Shrewsbury Poll: Tighter Gun Control After Newtown Shooting?

  • Comments (2)
President Barack Obama has called for "meaningful action" in the wake of the shooting at Sandy Hook School in Newtown. Photo Credit: File photo

SHREWSBURY, Mass. — Calls to strengthen the nation's gun control laws have come from parents and politicians — and even the president — in the days since 20 children and six adults were shot and killed at Sandy Hook Elementary School in Newtown. Shrewsbury, tell us what you think in the poll and comments section below.

Reader Results

Shrewsbury, do you think gun control laws should be strengthened after the shooting deaths of 26 people in Newtown?

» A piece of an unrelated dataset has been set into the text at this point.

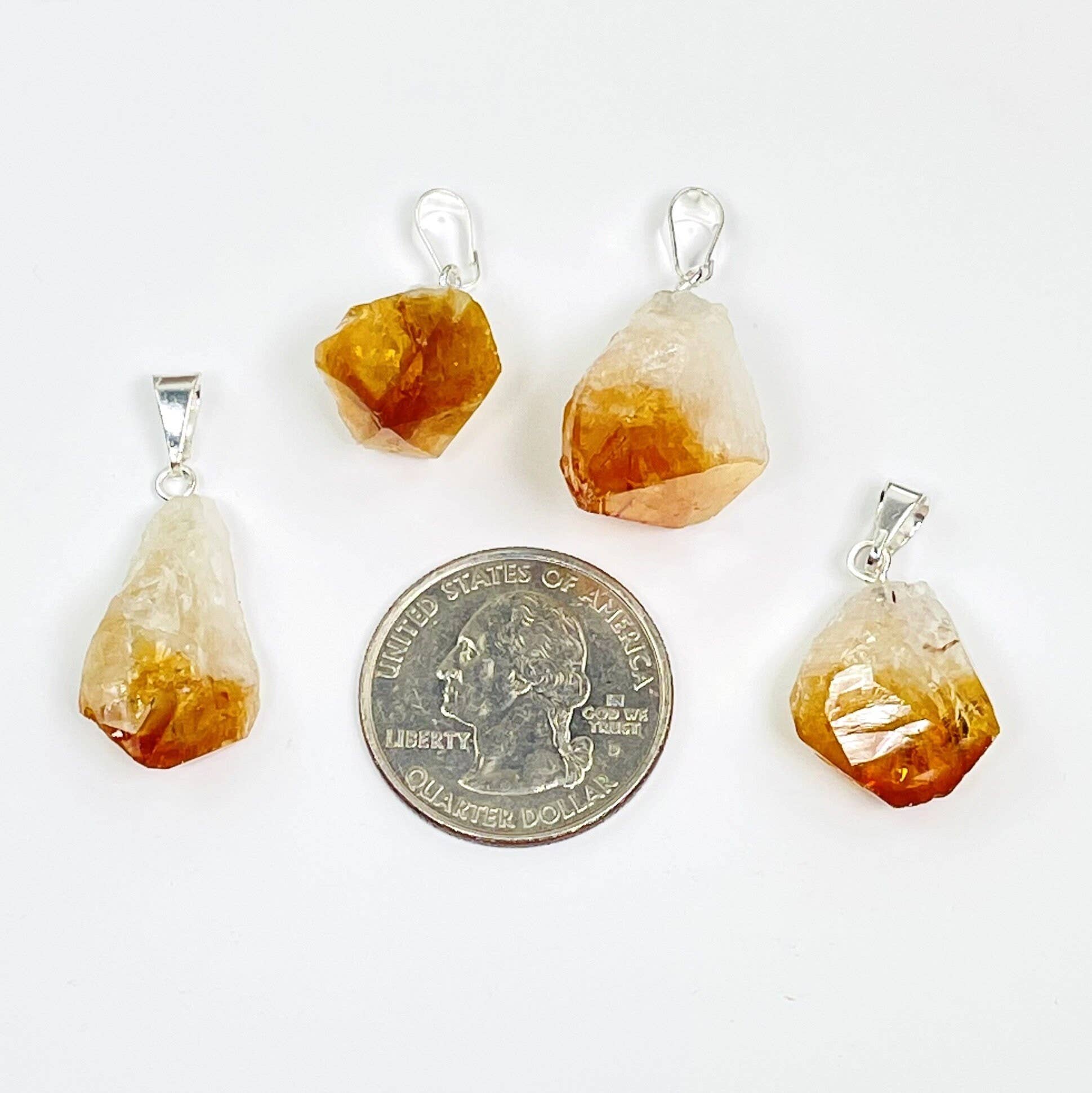 Jewelers Paradise - Vente Breloques/médailles personnalisées - Pendentif en pointe de citrine brute avec bélière plaquée or ou argent6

  • Yes. But only ban assault weapons and large-ammunition clips.

    18%
  • Yes. Ban assault weapons and also make it harder for people to buy guns.

    41%
  • Yes. Ban all guns.

    12%
  • No. It is our right to own guns.

    24%
  • Undecided

    6%

The nation must "take meaningful action," President Barack Obama said when he spoke just a few hours after the shooting Friday. He repeated his call for the nation to discuss gun laws when he spoke at a vigil in Newtown on Sunday.

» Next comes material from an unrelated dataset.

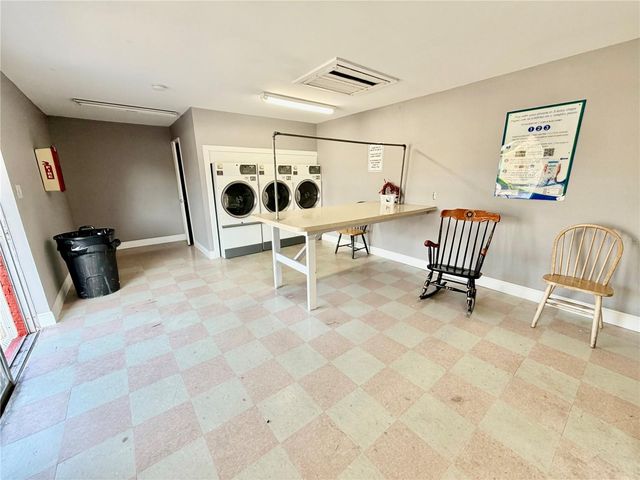 1140 83RD AVENUE N C, St Petersburg, FL 33702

“We can't accept events like these as routine," Obama said in his speech. "Are we really prepared to say we are powerless in the face of such carnage — that the politics are too complicated?"

Gun-rights supporters, including the National Rifle Association, have been mostly quiet since the shooting. Republican U.S. Reps. Louis Gohmert of Texas and Don Richardson of Oregon have suggested arming more school faculty members.

U.S. Sen. Dianne Feinstein, D-Calif., says she plans to introduce a bill that would ban assault weapons when the next Congress comes into session after the New Year.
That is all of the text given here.